And whether toiling with the measurer in the vessel's hold, or chafing with him in the somberness of the custom house, sharing now his relief from distasteful tasks and now his dreams for a happier day, the reader feels the spirit of the past. And above all the shadowy ghostliness of the threescore years seems to come the perfume of the apple blossoms that fell around the Wayside, with the gentle graciousness of a time well known to all, when youth and love and hope are young.
Roswell Field.
TO MISS PEABODY
Wednesday Afternoon, March 6th, 1839
My dearest Sophie:
I had a parting glimpse of you, Monday forenoon, at your window—and that image abides by me, looking pale, and not so quiet as is your wont. I have reproached myself many times since, because I did not show my face, and then we should both have smiled; and so our reminiscences would have been sunny instead of shadowy. But I believe I was so intent on seeing you, that I forgot all about the desirableness of being myself seen. Perhaps, after all, you did see me—at least you knew that I was there. I fear that you were not quite well that morning. Do grow better and better—physically, I mean, for I protest against any spiritual improvement, until I am better able to keep pace with you—but do be strong, and full of life—earthly life—and let there be a glow in your cheeks. And sleep soundly the whole night long, and get up every morning with a feeling as if you were newly created; and I pray you to lay up a stock of fresh energy every day till we meet again; so that we may walk miles and miles, without your once needing to lean upon my arm. Not but what you shall lean upon it, as much as you choose—indeed, whether you choose or not—but I would feel as if you did it to lighten my footsteps, not to support your own. Am I requiring you to work a miracle within yourself? Perhaps so—yet, not a greater one than I do really believe might be wrought by inward faith and outward aids. Try it, my Dove, and be as lightsome on earth as your sister doves are in the air.
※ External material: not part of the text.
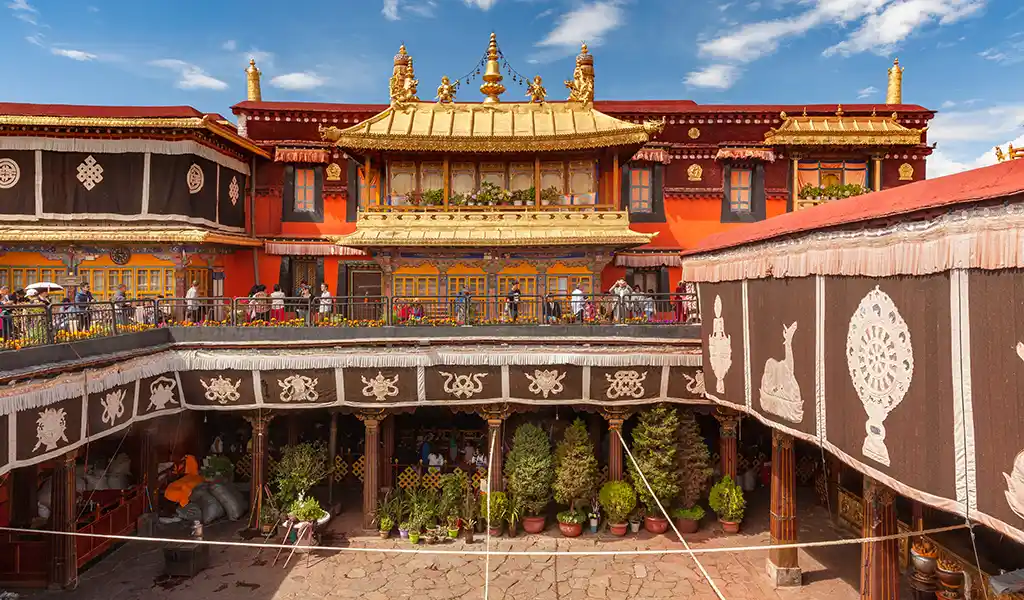 Courtyard of Jokhang Temple in Lhasa, Tibet, with a golden-roofed shrine, red walls, and traditional Tibetan decorative paintings.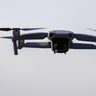 Taking aerial photos to survey Hirizohama and the surrounding islets and waters.The drone is flown with permission from the local fishing cooperative.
Tomorrow I shall expect a letter from you; but I am almost in doubt whether to tell you that I expect it; because then your conscience will reproach you, if you should happen not to have written. I would leave you as free as you leave me. But I do wonder whether you were serious in your last letter, when you asked me whether you wrote too often, and seemed to think that you might thus interfere with my occupations. My dear Sophie, your letters are no small portion of my spiritual food, and help to keep my soul alive, when otherwise it might languish unto death, or else become hardened and earth-incrusted, as seems to be the case with almost all the souls with whom I am in daily intercourse. They never interfere with my worldly business—neither the reading nor the answering them—(I am speaking of your letters, not of those "earth-incrusted" souls)—for I keep them to be the treasure of my still and secret hours, such hours as pious people spend in prayer; and the communion which my spirit then holds with yours has something of religion in it. The charm of your letters does not depend upon their intellectual value, though that is great, but on the spirit of which they are the utterance, and which is a spirit of wonderful efficacy. No one, whom you would deem worthy of your friendship, could enjoy so large a share of it as I do, without feeling the influence of your character throughout his own—purifying his aims and desires, enabling him to realise that this is a truer world than the feverish one around us, and teaching him how to gain daily entrance into that better world. Such, so far as I have been able to profit by it, has been your ministration to me. Did you dream what an angelic guardianship was entrusted to you?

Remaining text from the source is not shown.